* [What the task asks]:
Print what the records say exactly, and omit the pictures.

Image-caption web data
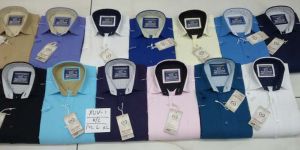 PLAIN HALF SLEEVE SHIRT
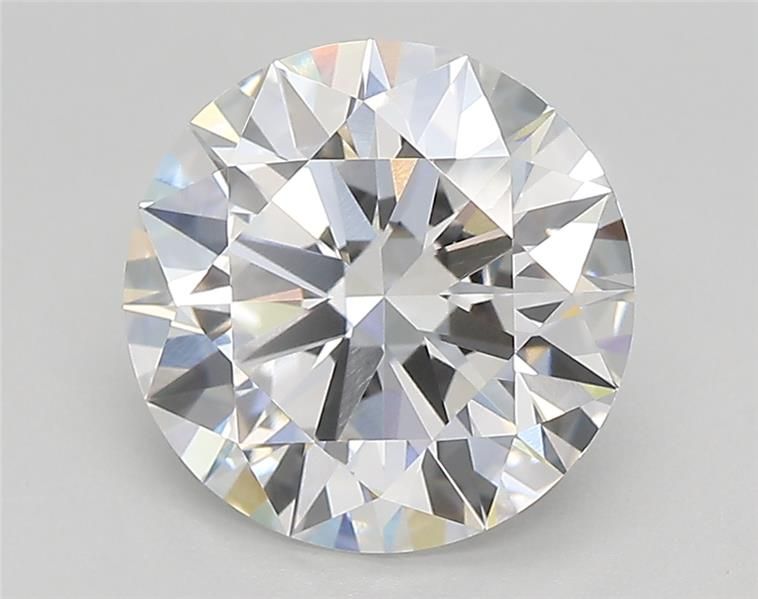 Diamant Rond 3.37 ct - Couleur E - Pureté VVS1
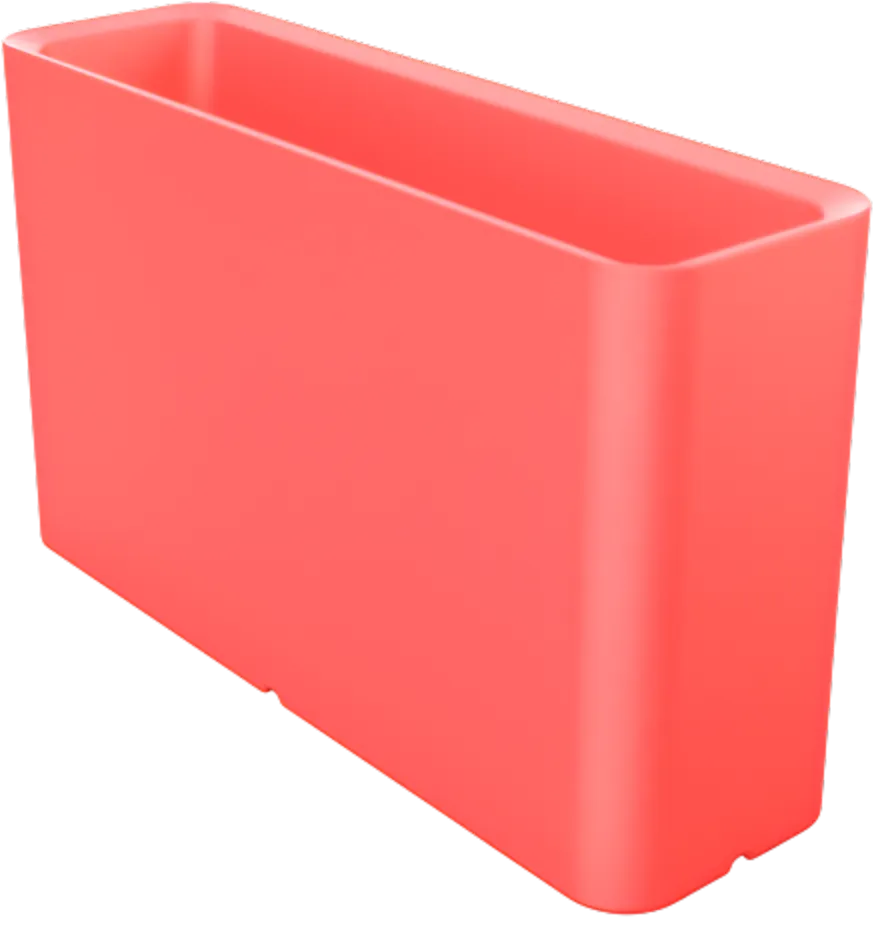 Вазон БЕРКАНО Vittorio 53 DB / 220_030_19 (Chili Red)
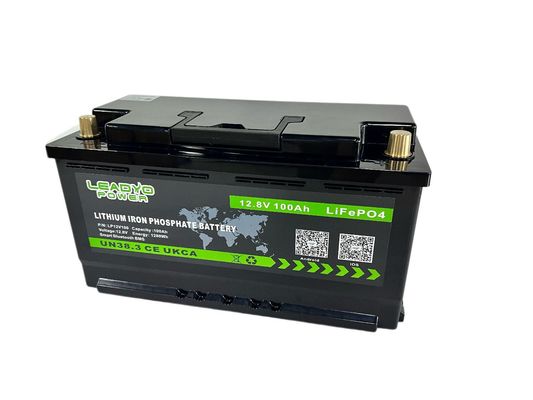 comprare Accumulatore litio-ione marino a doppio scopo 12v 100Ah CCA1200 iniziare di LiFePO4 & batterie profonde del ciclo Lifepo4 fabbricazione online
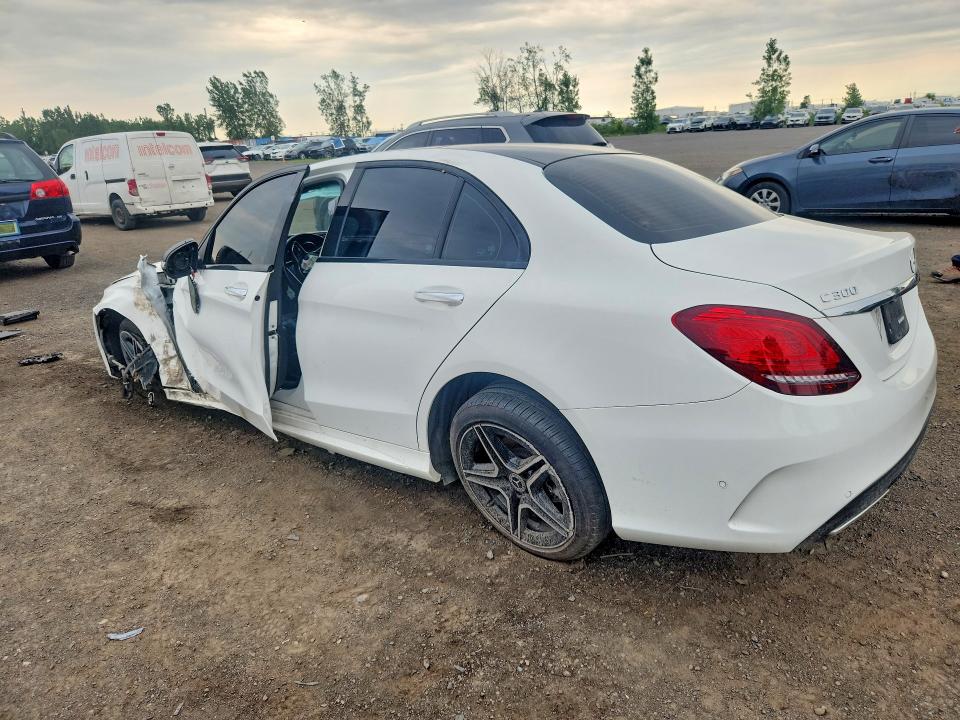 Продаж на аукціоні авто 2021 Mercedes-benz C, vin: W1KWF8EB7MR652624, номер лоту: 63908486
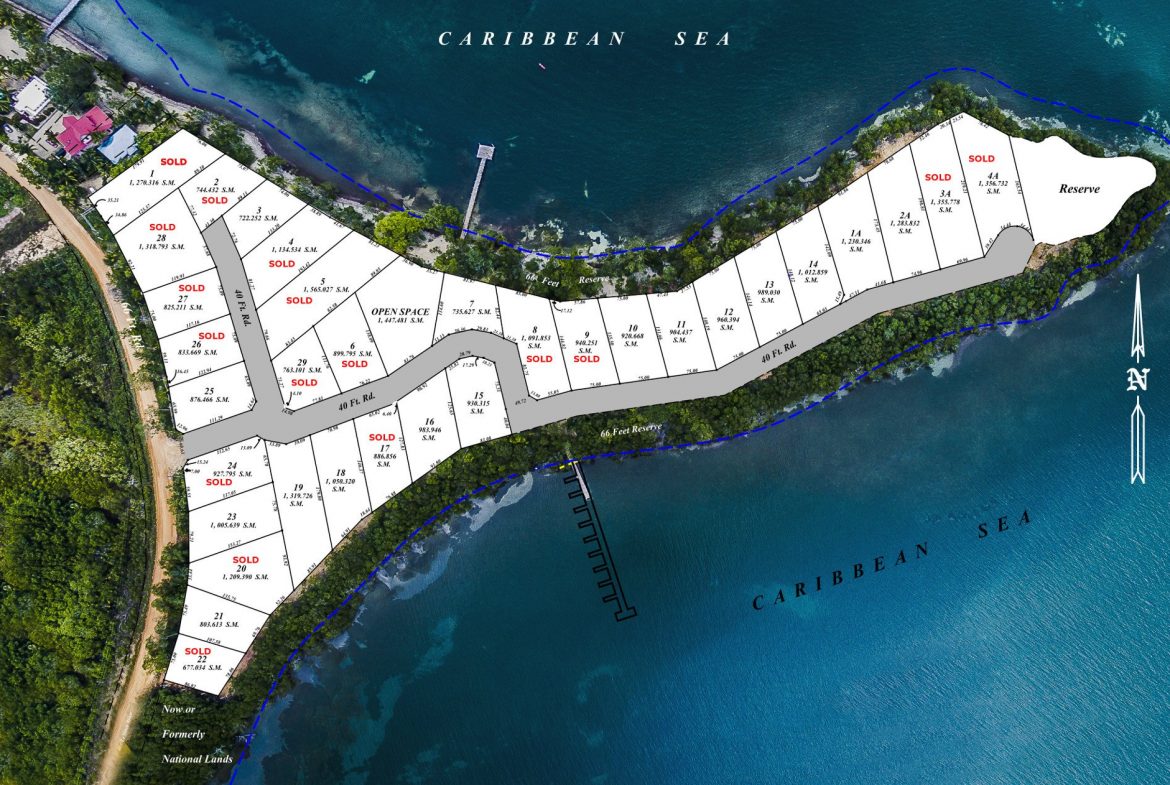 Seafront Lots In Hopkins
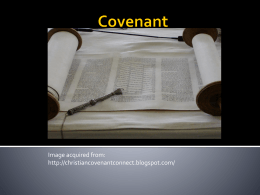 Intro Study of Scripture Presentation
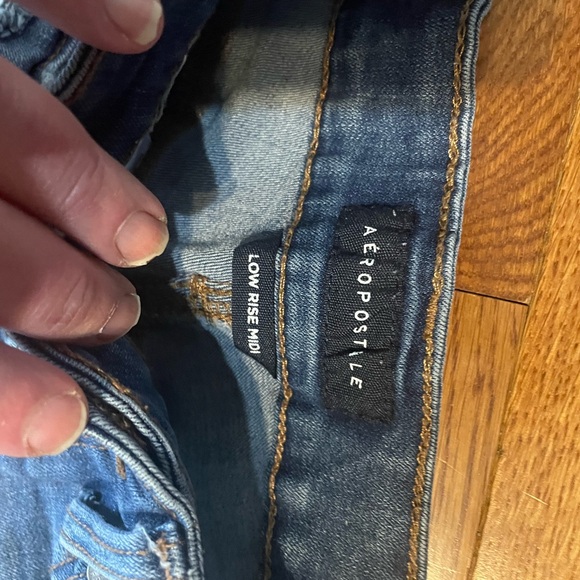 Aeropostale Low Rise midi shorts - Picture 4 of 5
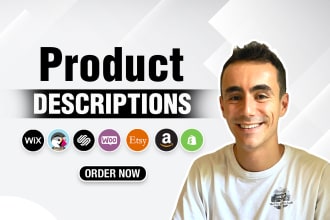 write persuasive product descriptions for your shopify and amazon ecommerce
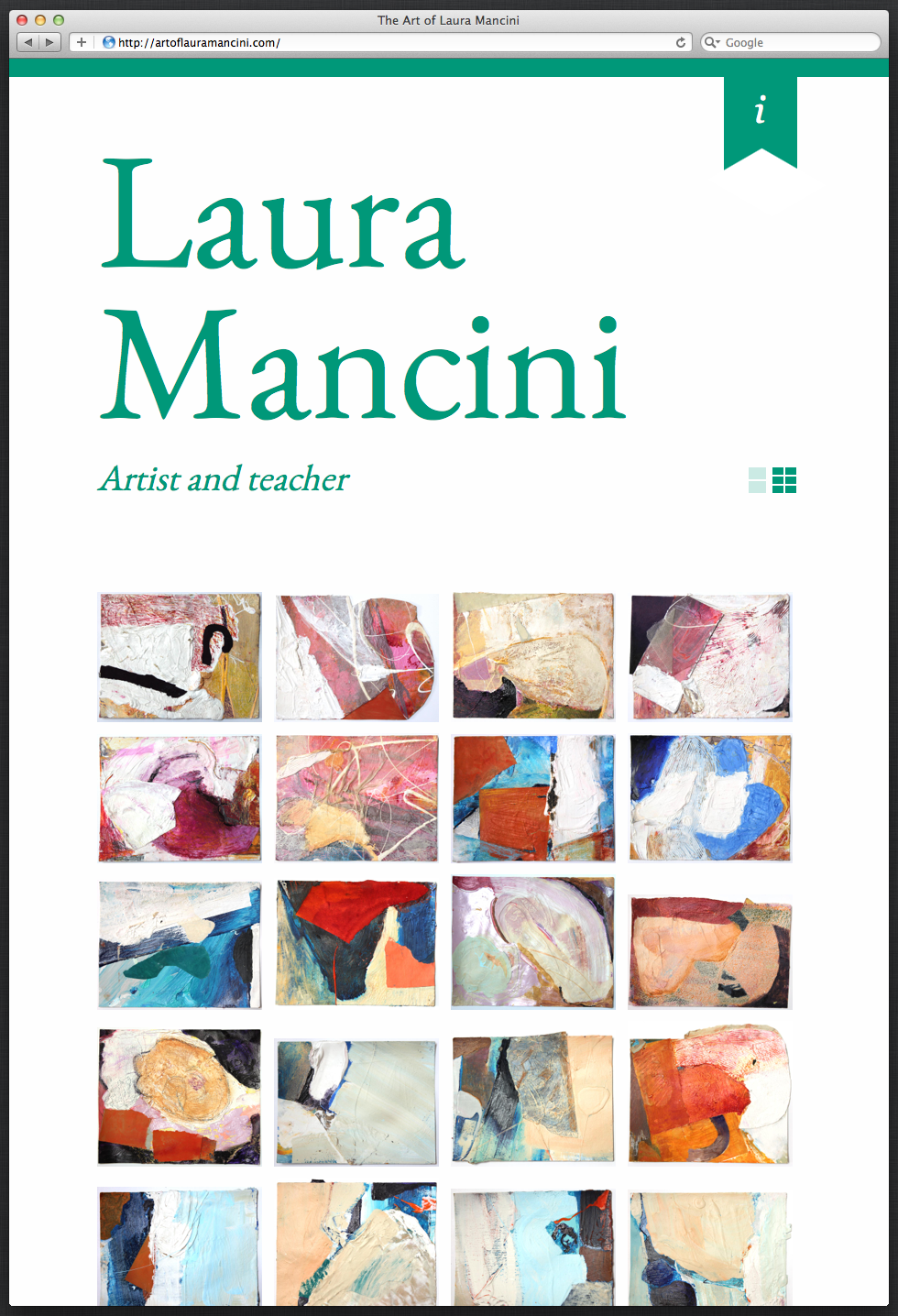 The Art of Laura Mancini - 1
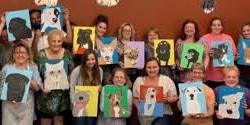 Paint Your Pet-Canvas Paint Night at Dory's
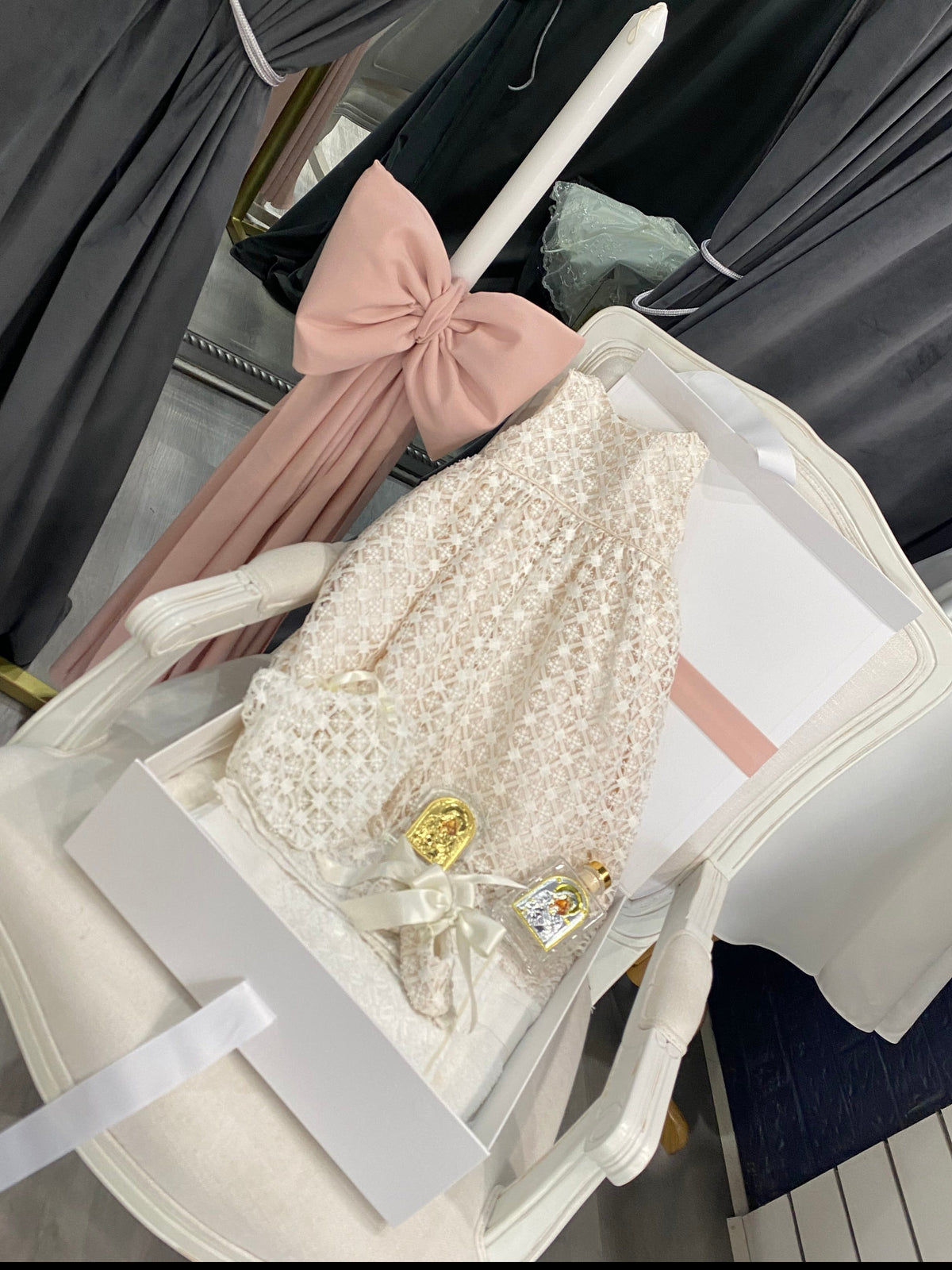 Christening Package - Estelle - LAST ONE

* [Exercise solution]:
 PLAIN HALF SLEEVE SHIRT
 Diamant Rond 3.37 ct - Couleur E - Pureté VVS1
 Вазон БЕРКАНО Vittorio 53 DB / 220_030_19 (Chili Red)
 comprare Accumulatore litio-ione marino a doppio scopo 12v 100Ah CCA1200 iniziare di LiFePO4 & batterie profonde del ciclo Lifepo4 fabbricazione online
 Продаж на аукціоні авто 2021 Mercedes-benz C, vin: W1KWF8EB7MR652624, номер лоту: 63908486
 Seafront Lots In Hopkins
 Intro Study of Scripture Presentation
 Aeropostale Low Rise midi shorts - Picture 4 of 5
 write persuasive product descriptions for your shopify and amazon ecommerce
 The Art of Laura Mancini - 1
 Paint Your Pet-Canvas Paint Night at Dory's
 Christening Package - Estelle - LAST ONE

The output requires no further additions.